§ **TASK TO COMPLETE**:
Copy exactly the lines from the one containing "Very flattering dress" through the last line of the records below, both included, and leave out the pictures.

== Segment start ==

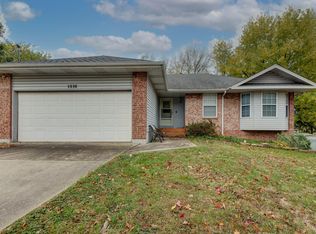1816 E Smith St, Springfield, MO 65803
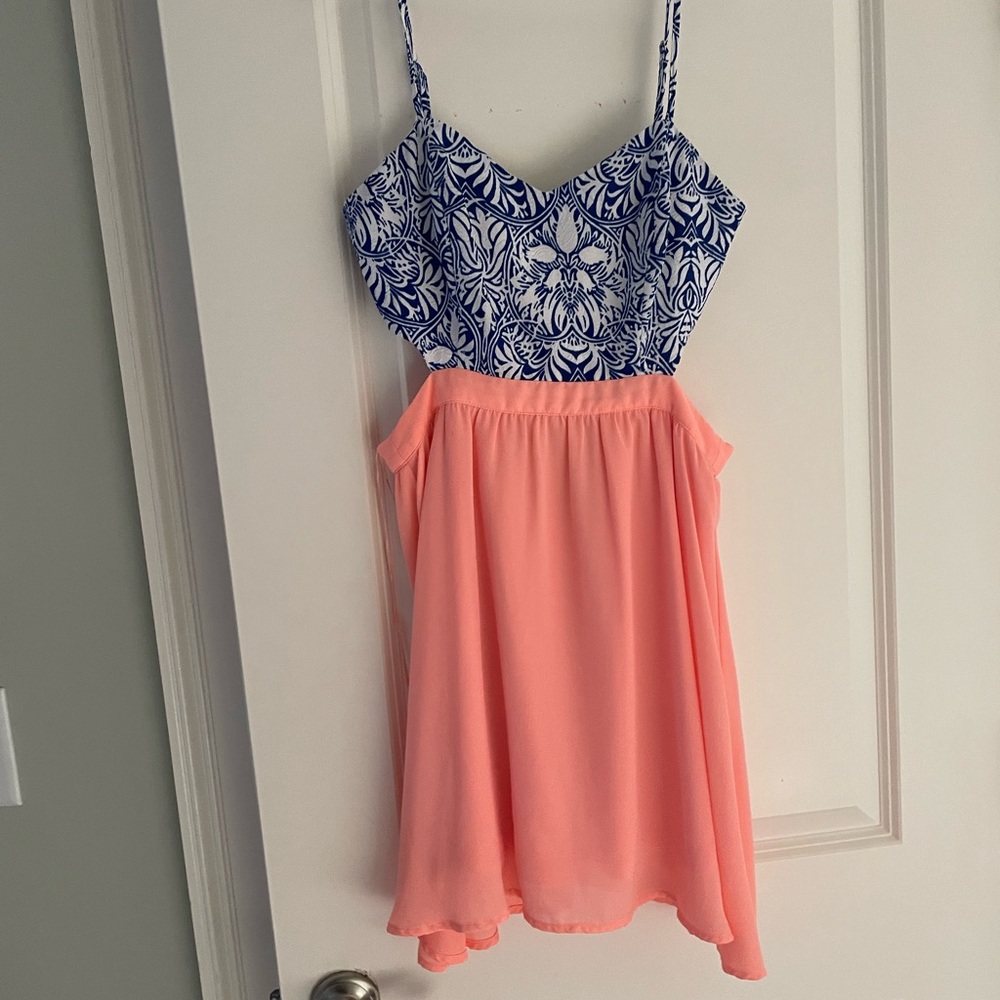 Very flattering dress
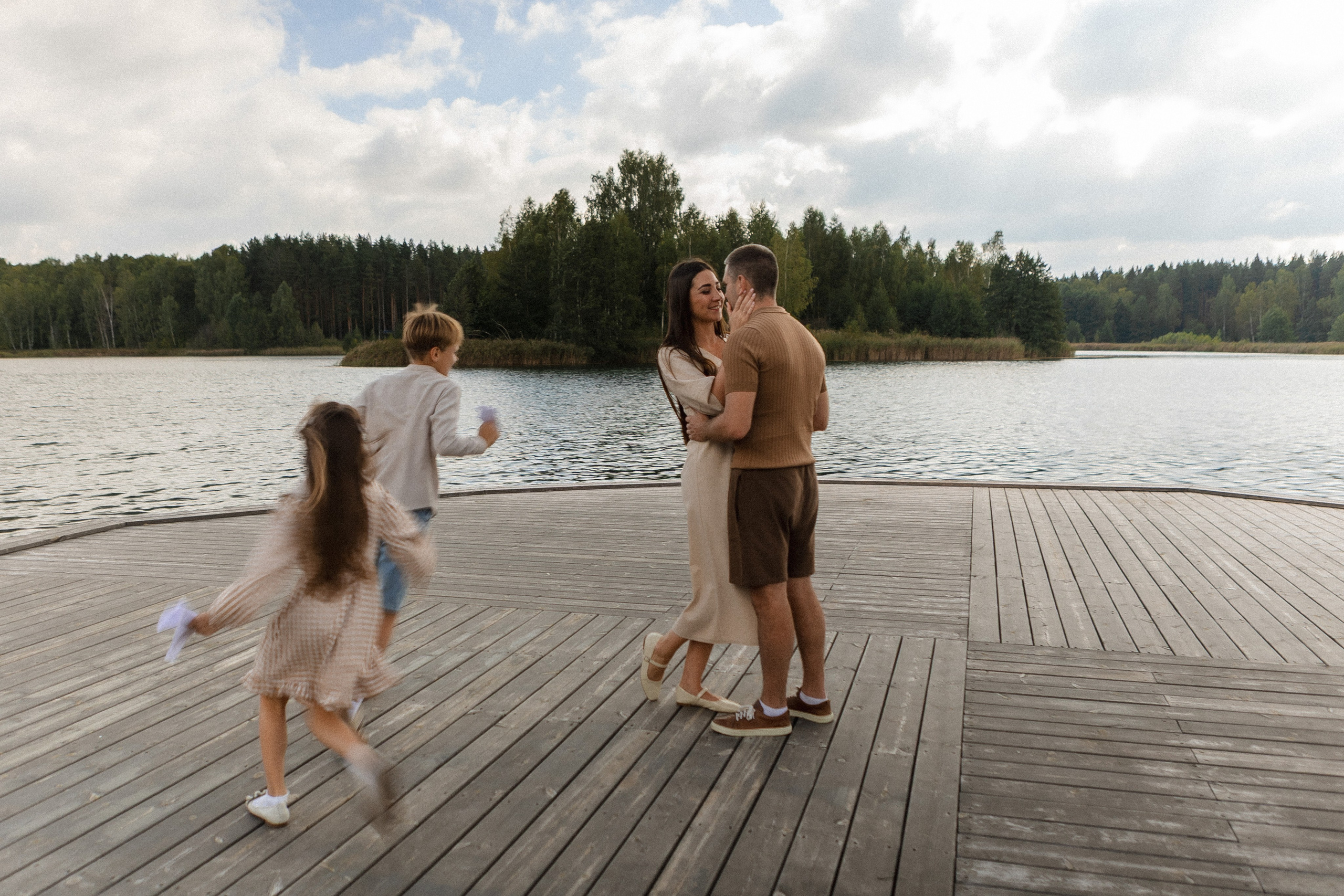Бумажные самолетики. Семейный фотограф в Нижнем Новгороде Доронина Юлия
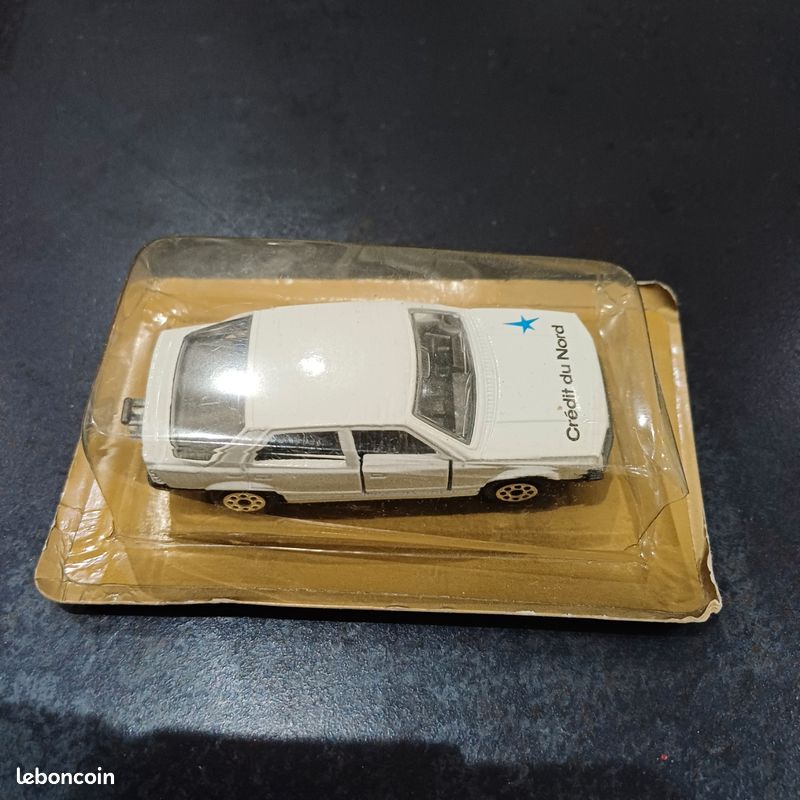 Peugeot 205 GTI Majorette pub Cardys 3 inches 1/64 eme - Collection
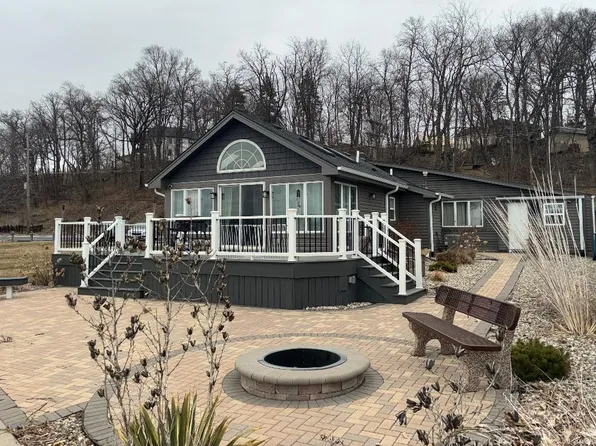 7405 Lake Shore Dr, Cedar Lake, IN 46303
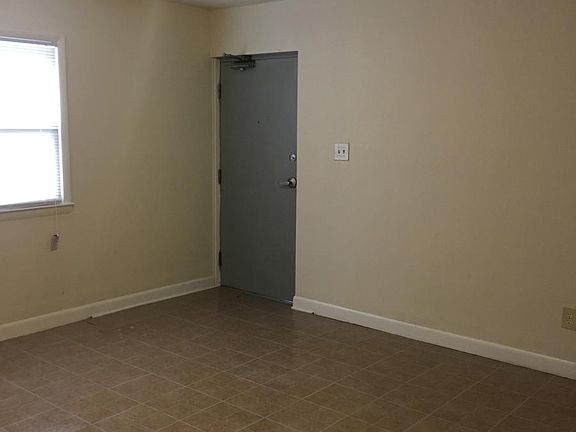 5th image of 1603 Autumn Dr APT B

== Segment end ==

§ **TASK RESPONSE**:
 Very flattering dress
Бумажные самолетики. Семейный фотограф в Нижнем Новгороде Доронина Юлия
 Peugeot 205 GTI Majorette pub Cardys 3 inches 1/64 eme - Collection
 7405 Lake Shore Dr, Cedar Lake, IN 46303
 5th image of 1603 Autumn Dr APT B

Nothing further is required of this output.